LOS ANGELES — More than 100,000 people are expected to descend on Indio, Calif., starting today for the Coachella Valley Music and Arts Festival, and the fashion world will be watching. While Arcade Fire and Kings of Leon are jamming onstage, fashion and lifestyle companies will be vying for the attention of festival-goers offstage, with branded cooling tents, beach balls, Coachella “survival kits” at the Empire Polo Club grounds, plus pool parties with bottomless cocktails and their own live music at hotels and estates offsite.
In 12 years, the three-day spring break for adults has become a branding juggernaut approaching Sundance Film Festival proportions. At Sundance, gift lounges dominate the freebie scene, but at Coachella, brands want to reach a wider audience of “influencers” with events such as the G by Guess Artist Retreat Pool Party and BBQ, the A/X + 944 Neon Carnival, the Mulberry BBQ & Pool Party and the fourth-annual Jeremy Scott + Adidas Shindig.
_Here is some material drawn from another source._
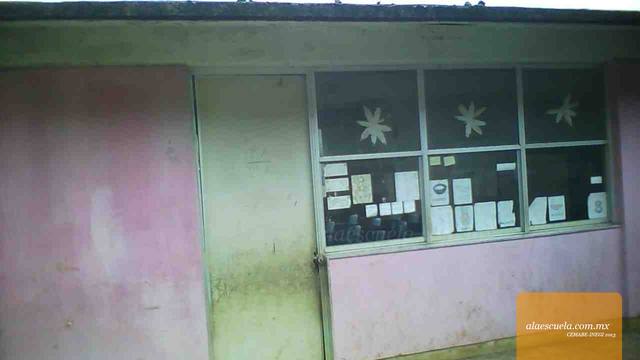 Entrada (vista previa)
Brands send clothes to celebrities ahead of time in hopes they will be photographed wearing them, distribute promotional items, and sponsor social events with the goal of generating traditional and social media coverage, and, eventually, sales. At the same time, design teams are there, studying the way festival-goers dress so they can turn ideas around and sell them next year.
Enticed by indie
All this has developed around a festival initially conceived as an alternative to corporatized live music experiences with high ticket prices. And it is the idea of that indie spirit that makes Coachella so attractive to fashion brands such as H&M, Lacoste, Levi’s, Havaianas and Ray-Ban. (Ironically, the festival itself has evolved into a rather pricey event where guests must pay $269 for three-day tickets — no more day passes — and they must move quickly; tickets sell out in a matter of hours.)